Saturday, October 30, 2010

Publication of scientific programming code

Recently on the Nature website, I read with great interest a news article, titled "Publish your computer code: it is good enough", by Nick Barnes, a professional software engineer:
Freely provided working code — whatever its quality — improves programming and enables others to engage with your research
Clearly the author knows the "trade secret" in scientific programming. He lists several common reasons why scientists are reluctant to share their source code, and then provides his responses:
  1. The code is low quality — "software in all trades is written to be good enough for the job intended". All software has bugs. Sharing code would help improve the code itself and advance the research field.
  2. Not a common practice — this is going to change or is already changing.
  3. Demand for support — "Nobody is entitled to demand technical support for freely provided code."
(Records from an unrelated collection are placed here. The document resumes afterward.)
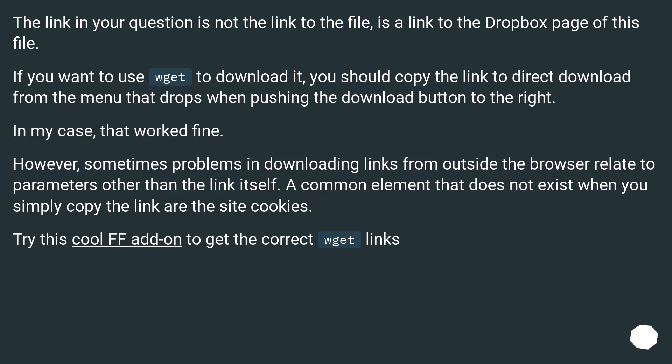However, sometimes problems in downloading links from outside the browser relate to parameters other than the link itself. A common element that does not exist when you simply copy the link are the site cookies. Try this cool Firefox add-on to get the correct wget links.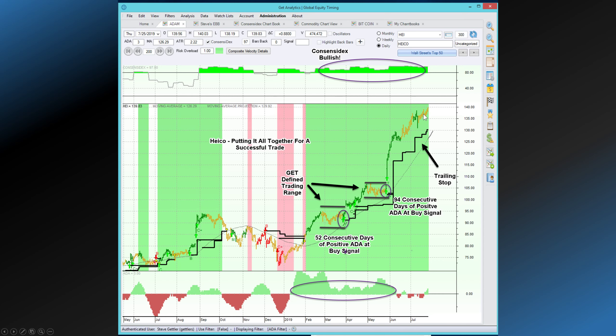So we have Global Equity Timing providing some very unique looks at the stock market — looks and views that you'll get nowhere else. ETA and Consensidex are two of the indicators which are exclusive to Global Equity Timing that can help you spot better trades. I hope you enjoyed this edition of the World of Global Equity Timing. This is Steve saying good day, good luck, and good trading, and good timing.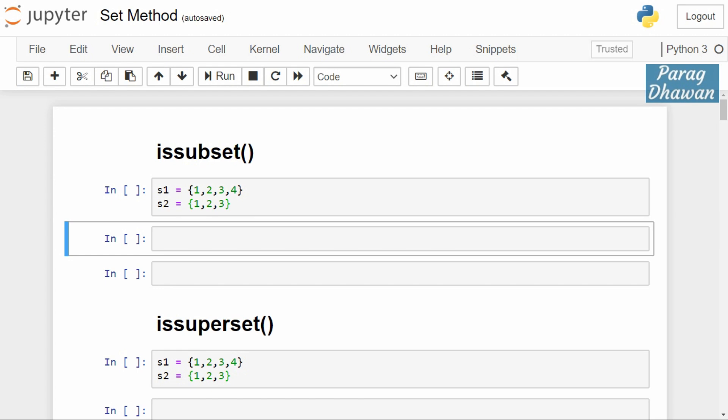Hello and welcome to this Python tutorial series. We are studying Python data structure set, and in today's video we will study issubset and issuperset methods of set object. The issubset method checks whether the first set is a part of the second set or not.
  4. Intellectual property issue — The most value part "lies in your expertise", code not backed by skilled experts is called abandonware. (I cannot agree more with this point.)
  5. Polishing code takes time/effort — not need to, just supply, as supplementary materials in a website, the original code used in your publication.
As is evident from the many comments, this assay is well echoed by the community. As an active computational scientist for over a decade, I share mostly the same opinions. Essentially, the transparency of source code is to ensure repeatability of scientific publications. In the field of computational biology (bioinformatics), it is virtually impossible to reproduce exactly a published figure/table without direct access to details, including the source code.